Apa saja masalah yang ditemui para laktivis dalam upaya mereka menghidupkan kembali budaya menyusui? Ternyata buanyaaaaaaaakkkkk buanget ! Dari tujuh orang laktivis saja bisa terkumpul dua lembar besar berisi puluhan poin masalah. Ketujuh peserta Kelas Ansos Ein Institute kali ini adalah pengurus Asosiasi Ibu Menyusui Indonesia (AIMI) Cabang Jawa Tengah dari berbagai “generasi”, ada yang termasuk perintis AIMI di Semarang sejak 2007, ada yang baru saja bergabung di tahun 2016. Namun mereka sama antusias dan semangatnya memperjuangkan ASI sebagai hak bayi.
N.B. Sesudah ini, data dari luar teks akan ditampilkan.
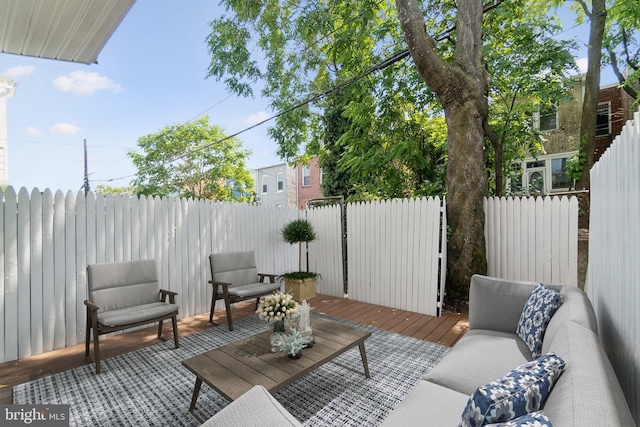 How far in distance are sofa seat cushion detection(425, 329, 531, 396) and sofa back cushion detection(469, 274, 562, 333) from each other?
0.42 feet

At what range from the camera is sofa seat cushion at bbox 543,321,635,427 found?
2.75ft

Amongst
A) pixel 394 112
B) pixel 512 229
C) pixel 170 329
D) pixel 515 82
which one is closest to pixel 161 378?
pixel 170 329

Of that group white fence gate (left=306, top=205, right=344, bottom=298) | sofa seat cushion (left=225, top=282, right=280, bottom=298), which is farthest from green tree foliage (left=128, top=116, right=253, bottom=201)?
sofa seat cushion (left=225, top=282, right=280, bottom=298)

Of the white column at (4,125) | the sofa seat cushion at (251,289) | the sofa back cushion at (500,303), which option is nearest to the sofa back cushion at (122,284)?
the sofa seat cushion at (251,289)

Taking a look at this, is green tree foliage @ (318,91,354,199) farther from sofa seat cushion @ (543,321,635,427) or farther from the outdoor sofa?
sofa seat cushion @ (543,321,635,427)

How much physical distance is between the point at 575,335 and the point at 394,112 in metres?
6.04

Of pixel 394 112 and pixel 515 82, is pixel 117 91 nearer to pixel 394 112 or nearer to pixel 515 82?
pixel 394 112

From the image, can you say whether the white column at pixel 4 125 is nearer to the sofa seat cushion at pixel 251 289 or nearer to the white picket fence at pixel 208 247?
the white picket fence at pixel 208 247

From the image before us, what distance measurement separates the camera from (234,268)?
4.55 meters

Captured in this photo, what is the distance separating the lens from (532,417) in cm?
88

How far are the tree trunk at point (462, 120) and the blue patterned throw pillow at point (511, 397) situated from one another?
3589 millimetres

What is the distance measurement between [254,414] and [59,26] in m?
3.34

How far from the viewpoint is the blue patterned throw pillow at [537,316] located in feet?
6.70

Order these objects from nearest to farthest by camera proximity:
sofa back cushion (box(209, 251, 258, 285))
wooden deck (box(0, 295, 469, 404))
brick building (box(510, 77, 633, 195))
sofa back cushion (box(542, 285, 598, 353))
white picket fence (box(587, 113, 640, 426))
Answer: white picket fence (box(587, 113, 640, 426)) < sofa back cushion (box(542, 285, 598, 353)) < wooden deck (box(0, 295, 469, 404)) < sofa back cushion (box(209, 251, 258, 285)) < brick building (box(510, 77, 633, 195))
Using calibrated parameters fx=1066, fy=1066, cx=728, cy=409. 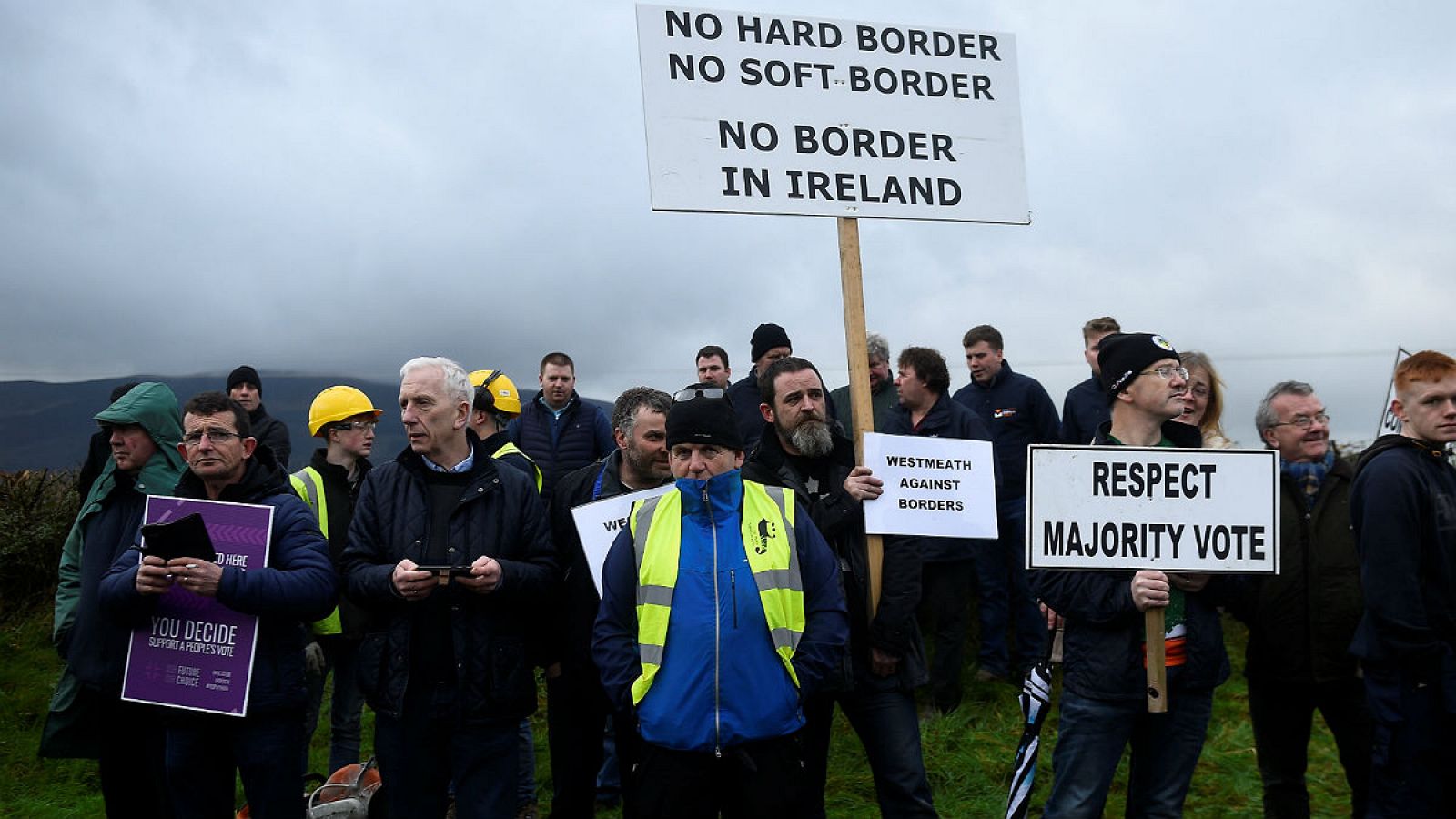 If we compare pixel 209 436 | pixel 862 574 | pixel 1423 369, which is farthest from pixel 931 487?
pixel 209 436

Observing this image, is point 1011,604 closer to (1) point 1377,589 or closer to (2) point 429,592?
(1) point 1377,589

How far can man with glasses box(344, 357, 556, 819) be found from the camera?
394cm

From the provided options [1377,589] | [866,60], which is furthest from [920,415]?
[1377,589]

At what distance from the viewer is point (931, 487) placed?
4.43m

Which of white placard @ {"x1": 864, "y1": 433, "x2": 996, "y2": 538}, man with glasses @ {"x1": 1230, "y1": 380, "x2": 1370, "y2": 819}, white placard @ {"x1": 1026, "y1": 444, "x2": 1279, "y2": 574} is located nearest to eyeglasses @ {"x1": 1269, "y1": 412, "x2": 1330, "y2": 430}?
man with glasses @ {"x1": 1230, "y1": 380, "x2": 1370, "y2": 819}

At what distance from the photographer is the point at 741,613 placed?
3.52 metres

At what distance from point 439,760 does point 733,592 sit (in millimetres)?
1456

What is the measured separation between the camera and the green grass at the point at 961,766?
6.04 meters

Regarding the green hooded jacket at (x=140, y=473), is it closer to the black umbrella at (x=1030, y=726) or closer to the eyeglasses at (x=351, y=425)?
the eyeglasses at (x=351, y=425)

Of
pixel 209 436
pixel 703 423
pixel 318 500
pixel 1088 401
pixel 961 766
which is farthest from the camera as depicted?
pixel 1088 401

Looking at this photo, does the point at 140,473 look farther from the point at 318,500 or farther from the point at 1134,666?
the point at 1134,666

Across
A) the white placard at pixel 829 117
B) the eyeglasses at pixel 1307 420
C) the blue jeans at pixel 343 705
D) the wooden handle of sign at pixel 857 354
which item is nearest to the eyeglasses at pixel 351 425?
the blue jeans at pixel 343 705

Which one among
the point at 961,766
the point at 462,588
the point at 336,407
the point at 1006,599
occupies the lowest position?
the point at 961,766

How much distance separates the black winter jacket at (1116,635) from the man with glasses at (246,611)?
285 centimetres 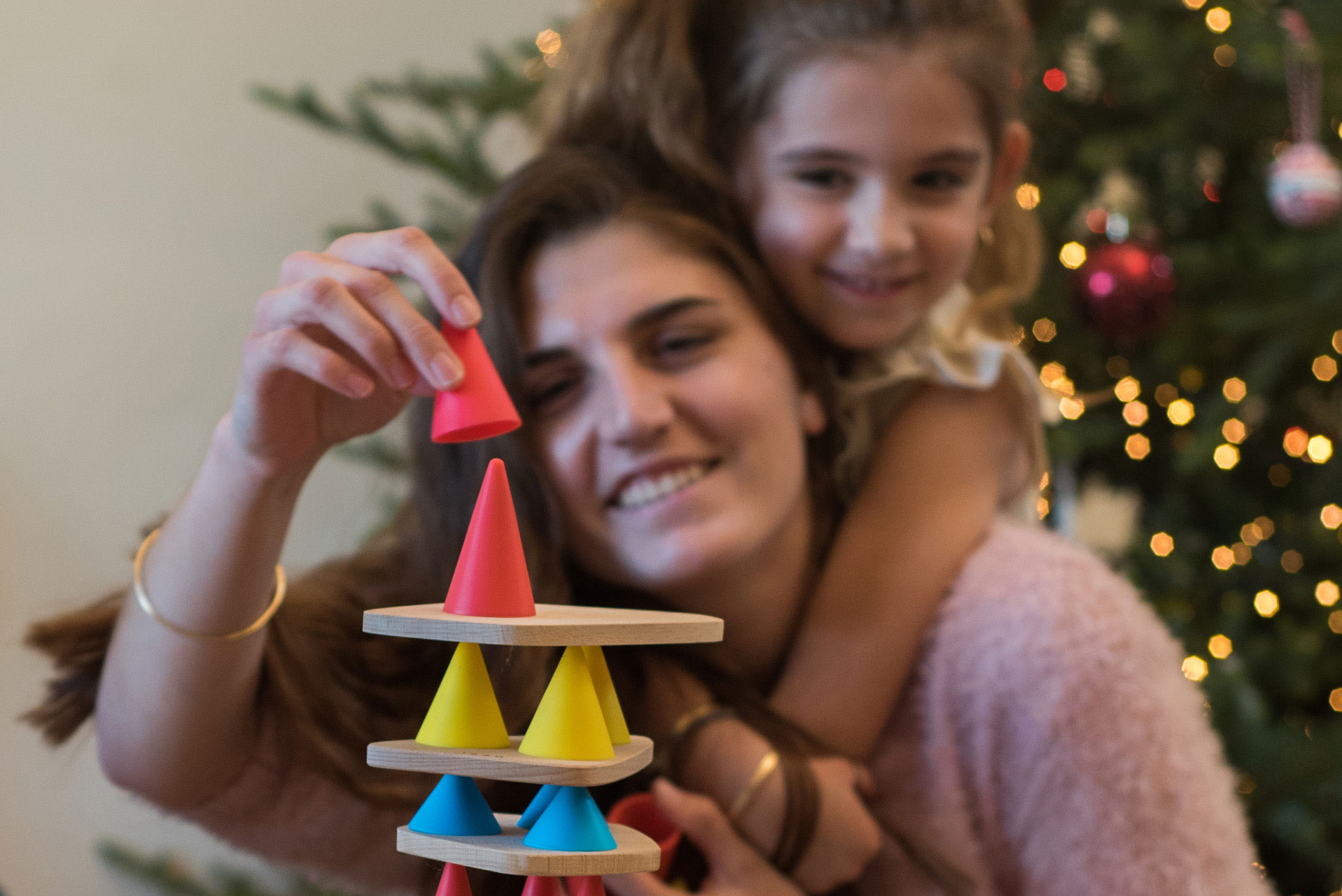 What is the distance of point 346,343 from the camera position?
0.45 m

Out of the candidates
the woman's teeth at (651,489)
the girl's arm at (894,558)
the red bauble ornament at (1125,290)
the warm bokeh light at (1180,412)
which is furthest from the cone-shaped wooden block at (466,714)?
the warm bokeh light at (1180,412)

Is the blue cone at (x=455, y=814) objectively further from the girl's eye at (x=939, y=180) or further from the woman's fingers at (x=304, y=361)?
the girl's eye at (x=939, y=180)

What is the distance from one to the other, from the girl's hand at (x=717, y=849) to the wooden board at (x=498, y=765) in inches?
13.8

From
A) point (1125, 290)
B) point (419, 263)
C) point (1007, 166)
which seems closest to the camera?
point (419, 263)

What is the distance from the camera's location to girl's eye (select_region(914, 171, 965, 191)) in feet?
2.97

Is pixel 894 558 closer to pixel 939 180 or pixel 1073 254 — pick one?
pixel 939 180

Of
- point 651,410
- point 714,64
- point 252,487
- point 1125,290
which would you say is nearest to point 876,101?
point 714,64

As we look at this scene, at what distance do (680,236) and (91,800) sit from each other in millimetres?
539

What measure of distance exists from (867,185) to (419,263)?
0.54 metres

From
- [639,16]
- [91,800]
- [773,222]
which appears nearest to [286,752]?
[91,800]

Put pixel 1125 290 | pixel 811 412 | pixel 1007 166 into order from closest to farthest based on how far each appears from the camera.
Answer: pixel 811 412
pixel 1007 166
pixel 1125 290

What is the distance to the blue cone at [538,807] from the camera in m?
0.38

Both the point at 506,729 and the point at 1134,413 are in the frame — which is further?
the point at 1134,413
Nah, begitu banyaknya masalah, apakah para laktivis bisa menganalisis penyebabnya secara mendalam? Setiap masalah sosial ada akarnya, melibatkan banyak variabel, dimainkan oleh berbagai pihak dengan kepentingan masing-masing. Di sini kelas Ansos menjadi proses belajar yang seru! Ternyata, ketika paradigma seorang aktivis belum kritis, dia akan kesulitan mengurai masalah. Kenapa ibu bangga memberikan formula kepada bayinya, makin mahal harga formula itu makin bangga? Kenapa ibu bekerja memilih untuk tidak menyusui? Kenapa ibu tidak mau ikut kelas edukasi tentang menyusui sebelum punya anak?
“Karena ibu malas …”
“Karena ibu egois …”
“Karena ibu kurang komitmen …”
Benarkah? Para peserta meringis, nyengir, tersipu fasilitator memaparkan bahwa sikap menghakimi seperti itu adalah tanda-tanda mereka masih berkesadaran naif. “Secara intelektual, ibu-ibu sekalian ini expert, ahli soal ilmu menyusui,” jelas fasilitator Yvonne Sibuea, “tapi cara menganalisis masalahnya belum kritis, sehingga nanti akan berpengaruh di penyusunan dan pelaksanaan program-program organisasi, belum optimal mendorong perubahan sosial.”
Untuk melatih analisis kritis para peserta, fasilitator meminta mereka bekerja dalam kelompok, membedah kasus dan merancang program gerakan. Kelompok pertama membahas kesenjangan kebijakan cuti melahirkan di Indonesia dengan idealnya sesuai rekomendasi badan kesehatan internasional. Kelompok kedua membahas kondisi sangat populernya formula dibandingkan menyusui. Program-program apa yang harus digarap AIMI untuk mengubah situasi itu dari segi kebijakan, struktur, dan budaya masyarakat? Kedua kelompok kemudian mempresentasikan ide-ide mereka dan saling bertanya jawab.
Dari pukul sembilan pagi sampai hampir empat sore, sesi Ansos bagian pertama ini baru bisa membahas masalah-masalah eksternal organisasi. Namun, dari seharian membedah jenis-jenis paradigma, pendekatan, dan kesadaran ini, para peserta merasa mendapatkan banyak hal.
“Membuka mata, memberi pencerahan, membuat kita lebih kritis,” (Dhani)
“Sebelumnya nggak punya bayangan sama sekali, Ansos itu apa sih, gimana sih, karena aslinya saya anak teknik. Ikut organisasi AIMI hanya karena merasa cocok dan merasa jiwanya di situ, tapi nggak punya bekal keorganisasian. Setelah ikut Ansos baru tahu, oh ternyata begitu to cara membedah permasalahan yang dihadapi organisasi. Bukan menyerah, tapi perlu menggali lagi sampai ke akar permasalahannya.” (Dyah)
“Seneng! Ilmunya bermanfaat banget, membuka pikiran yang selama ini terblok.” (Diah Ayu)
“Materi ansosnya keren!” (Putri)
“Waktunya kurang panjang …” (Inda Raya)
Kelanjutan kelas ansos bagi laktivis ini rencananya diselenggarakan tanggal 18 September 2016 dengan jumlah peserta yang lebih banyak. Semangat berjuang, ibu-ibu menyusui!